Case ID: ad_172/html/0609-01.html
Source: Caselaw Access Project
Author: {"author": "Clarke, P. J. :", "license": "Public Domain", "url": "https://static.case.law/"}
Date Created: 2024-08-24T03:29:51.129683

In the Matter of Arthur A. Livers, an Attorney.
    First Department,
    May 5, 1916.
    Attorney at law disbarred — larceny.
    Attorney at law disbarred for having misappropriated sums of money from his employers for a period of years and for attempting to conceal the theft by burning the hooks, he having pleaded guilty to such crimes. Under the circumstances the plaintiff’s intention to lead an honest life in the future does not justify his remaining a member of the bar.
    Application on the report of official referee upon charges against the respondent, an attorney and counselor at law, for professional misconduct.
    
      Einar Chrystie, for the petitioner..
    
      Arthur A. Livers, respondent, in person.
   Clarke, P. J. :

This is the usual proceeding instituted by the Association of the Bar of the City of New York charging the respondent with misconduct as an attorney, alleging that he had pleaded guilty to the charge of petit larceny in the Court of Special Sessions for misappropriating certain moneys from the law firm by whom he was employed as a law clerk and bookkeeper.

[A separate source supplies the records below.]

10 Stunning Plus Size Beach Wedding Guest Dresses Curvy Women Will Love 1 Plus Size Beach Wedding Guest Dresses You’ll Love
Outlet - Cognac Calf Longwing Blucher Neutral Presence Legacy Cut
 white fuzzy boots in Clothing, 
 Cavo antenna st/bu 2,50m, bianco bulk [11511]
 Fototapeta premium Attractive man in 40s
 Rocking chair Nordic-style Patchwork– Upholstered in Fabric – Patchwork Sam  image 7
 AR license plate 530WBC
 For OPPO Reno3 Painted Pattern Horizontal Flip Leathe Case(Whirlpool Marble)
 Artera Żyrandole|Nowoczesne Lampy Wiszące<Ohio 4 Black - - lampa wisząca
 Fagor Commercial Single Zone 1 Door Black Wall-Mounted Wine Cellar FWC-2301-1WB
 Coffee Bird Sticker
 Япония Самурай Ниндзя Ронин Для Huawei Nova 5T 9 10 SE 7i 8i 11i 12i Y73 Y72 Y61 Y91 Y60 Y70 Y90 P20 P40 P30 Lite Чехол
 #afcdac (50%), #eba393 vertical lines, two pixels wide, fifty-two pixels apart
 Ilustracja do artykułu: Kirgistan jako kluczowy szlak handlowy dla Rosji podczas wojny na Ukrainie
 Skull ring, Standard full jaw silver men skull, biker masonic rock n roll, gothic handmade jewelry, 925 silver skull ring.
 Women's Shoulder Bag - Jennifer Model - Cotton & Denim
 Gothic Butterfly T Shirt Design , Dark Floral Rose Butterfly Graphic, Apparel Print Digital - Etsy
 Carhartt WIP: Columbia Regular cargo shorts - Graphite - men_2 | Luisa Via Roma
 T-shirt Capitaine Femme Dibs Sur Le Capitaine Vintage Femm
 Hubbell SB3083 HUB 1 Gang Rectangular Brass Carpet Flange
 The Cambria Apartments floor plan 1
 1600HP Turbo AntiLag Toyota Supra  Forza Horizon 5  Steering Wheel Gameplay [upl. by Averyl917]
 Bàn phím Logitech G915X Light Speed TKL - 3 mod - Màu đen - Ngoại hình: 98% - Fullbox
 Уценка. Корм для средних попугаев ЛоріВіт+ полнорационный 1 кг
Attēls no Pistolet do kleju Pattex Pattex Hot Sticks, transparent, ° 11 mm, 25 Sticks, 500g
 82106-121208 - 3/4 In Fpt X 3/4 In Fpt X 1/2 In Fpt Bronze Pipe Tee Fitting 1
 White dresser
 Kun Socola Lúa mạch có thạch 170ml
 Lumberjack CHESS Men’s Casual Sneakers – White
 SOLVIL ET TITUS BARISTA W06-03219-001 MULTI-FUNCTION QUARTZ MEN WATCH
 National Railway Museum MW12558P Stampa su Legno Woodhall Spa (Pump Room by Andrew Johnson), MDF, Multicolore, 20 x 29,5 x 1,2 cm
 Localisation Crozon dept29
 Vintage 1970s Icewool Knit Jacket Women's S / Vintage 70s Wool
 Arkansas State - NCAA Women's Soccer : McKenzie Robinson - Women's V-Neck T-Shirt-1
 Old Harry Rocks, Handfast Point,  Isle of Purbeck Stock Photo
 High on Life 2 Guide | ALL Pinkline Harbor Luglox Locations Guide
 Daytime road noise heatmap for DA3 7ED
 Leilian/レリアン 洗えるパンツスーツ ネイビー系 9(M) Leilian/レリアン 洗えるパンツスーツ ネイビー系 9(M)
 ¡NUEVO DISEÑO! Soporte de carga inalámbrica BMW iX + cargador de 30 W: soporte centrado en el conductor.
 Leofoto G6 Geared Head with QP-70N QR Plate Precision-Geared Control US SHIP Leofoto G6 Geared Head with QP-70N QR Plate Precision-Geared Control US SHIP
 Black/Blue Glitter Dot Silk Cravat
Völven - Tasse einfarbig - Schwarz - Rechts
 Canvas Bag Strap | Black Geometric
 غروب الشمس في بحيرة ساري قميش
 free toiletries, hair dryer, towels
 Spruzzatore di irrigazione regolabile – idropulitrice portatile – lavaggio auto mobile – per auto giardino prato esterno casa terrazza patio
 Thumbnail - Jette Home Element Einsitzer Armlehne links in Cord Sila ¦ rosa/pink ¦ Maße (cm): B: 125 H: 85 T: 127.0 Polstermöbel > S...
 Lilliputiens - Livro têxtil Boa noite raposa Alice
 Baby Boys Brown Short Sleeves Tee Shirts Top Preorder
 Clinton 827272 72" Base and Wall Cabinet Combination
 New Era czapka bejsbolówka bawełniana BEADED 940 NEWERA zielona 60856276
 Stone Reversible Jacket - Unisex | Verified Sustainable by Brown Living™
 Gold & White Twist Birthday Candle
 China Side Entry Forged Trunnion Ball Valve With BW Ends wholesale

The petition further alleges that he had been employed by said firm since his admission to the bar in 1912, and for three or four years prior thereto. After his arrest he admitted that during his term of employment he misappropriated from his employers between $500 and $1,000. This misappropriation was made in small sums, and, to avoid detection, it was the respondent’s custom to falsify the entries in the books of the firm. When he learned that he was suspected he destroyed one of the books of account, known as the “ fees book,” as an inspection of said book would have disclosed his guilt. The respondent agreed to repay to his former employers in installments the sum of $550, and in consideration of this agreement and his plea of guilty sentence was suspended.

In his answer the respondent admits the allegations contained in the petition and throws himself upon the mercy of the court, praying that it will-exercise such clemency in the premises as may be deemed just and proper.

This respondent did not yield to sudden temptation, did not commit a single act of wrongdoing. His betrayal of the confidence reposed in him by his employers and his misappropriation of their moneys, which came under his control by virtue of his employment, continued over a long series of years, both before and after his admission to the bar. While his repentance, after discovery and prosecution, and his resolve to hereafter lead an honest and upright life may be entirely sincere, it cannot obliterate the fact that his long years of continued peculations demonstrate his utter failure to realize the obligations of a profession whose corner stones are honesty and faithfulness to trust imposed. The court, while it trusts that his profession of determination to lead in future an honest life is sincere, thinks it must be led without the bounds of the profession. Respondent is, therefore, disbarred.

Laughlin, Dowling, Page and Davis, JJ., concurred.

Respondent disbarred. Order to be settled on notice.